Federal Highway Legislation Seeks to Entice States to Enact Graduated Licensing for Teens.
NU Online News Service, July 3, 7:57 a.m.
Insurance industry officials lauded a provision in federal highway legislation that encourages states through grants to implement graduated driver licensing laws for teen drivers.
Chris Mullen, director of technology research at State Farm, says, "Graduated Driver Licensing laws help strengthen the driving skills of eligible teenagers across the U.S."
He explains that GDL laws introduce driving privileges to young novice drivers over time, providing opportunities to gain valuable behind-the-wheel experience and develop important driving skills in lower-risk conditions.

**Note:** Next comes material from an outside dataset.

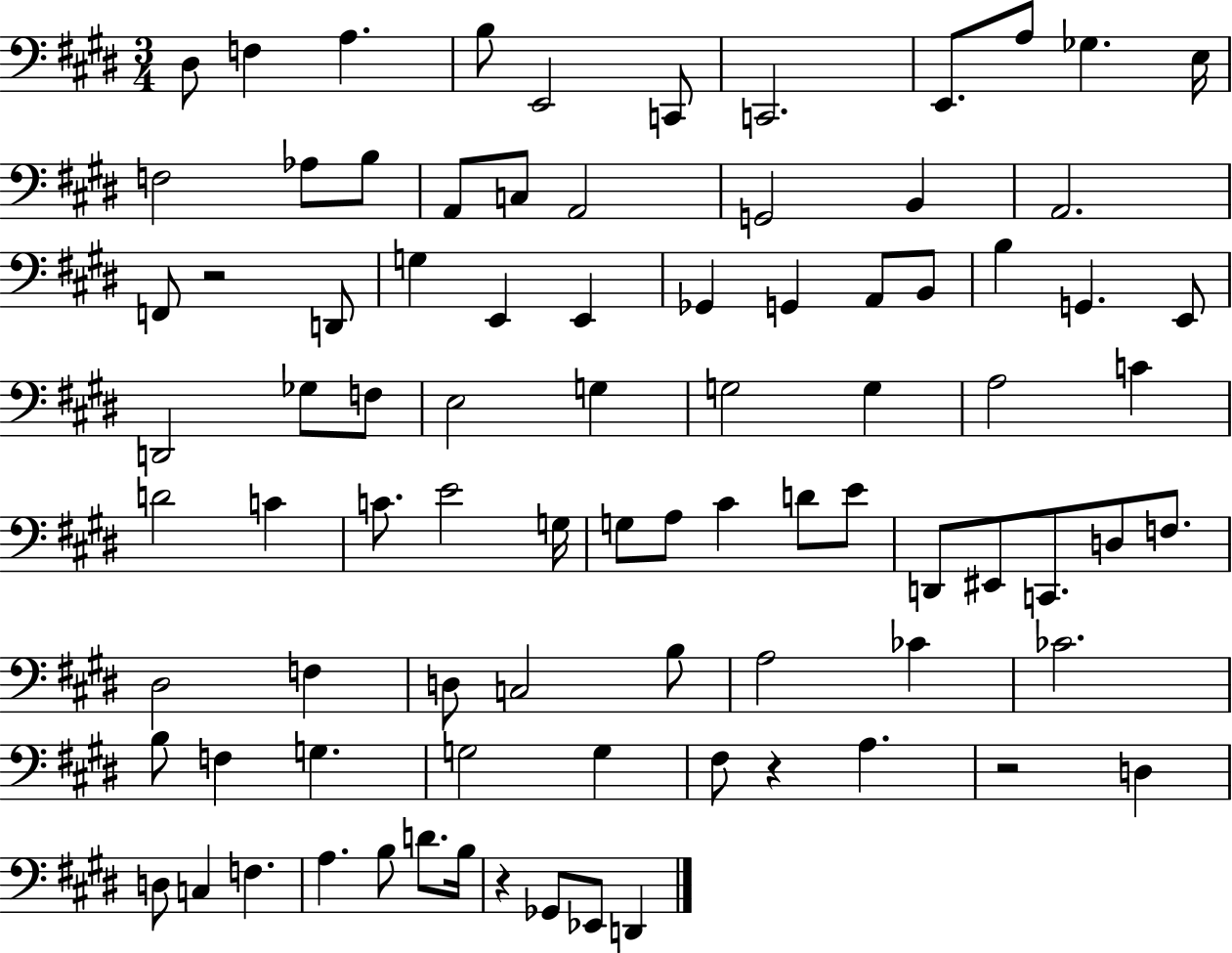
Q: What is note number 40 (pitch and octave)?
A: A3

"Because auto crashes are the number one killer of teens, State Farm is dedicated to helping create safer and better-prepared drivers," he says.
Mullen continues, "Research demonstrates inexperienced teen drivers are much more likely to crash than other drivers." He adds, "Studies show that crashes among teen drivers have decreased by up to 38 percent in states with strong graduated licensing systems."
Melissa Shelk, American Insurance Association vice president for federal affairs, says the GDL licensing incentive grant program "is good public policy that seeks to make the road a safer place for teen drivers, thus reducing the death and injury toll of novice teen drivers"
She says AIA, as a member of the SafeRoads4Teens coalition, fully supports GDL licensing laws as an effective method for reducing the crash risk of new drivers.
GDL licensing laws, which require a 3-step licensing process for young drivers under the age of 18 as well as other safety enhancing measures, "are a proven way to reduce the risk of teenage automobile accidents," says Shelk.
The omnibus legislation, the Surface Transportation Extension Act of 2012, was passed Friday and also contains a five-year National Flood Insurance Program extension, until Sept. 30, 2017.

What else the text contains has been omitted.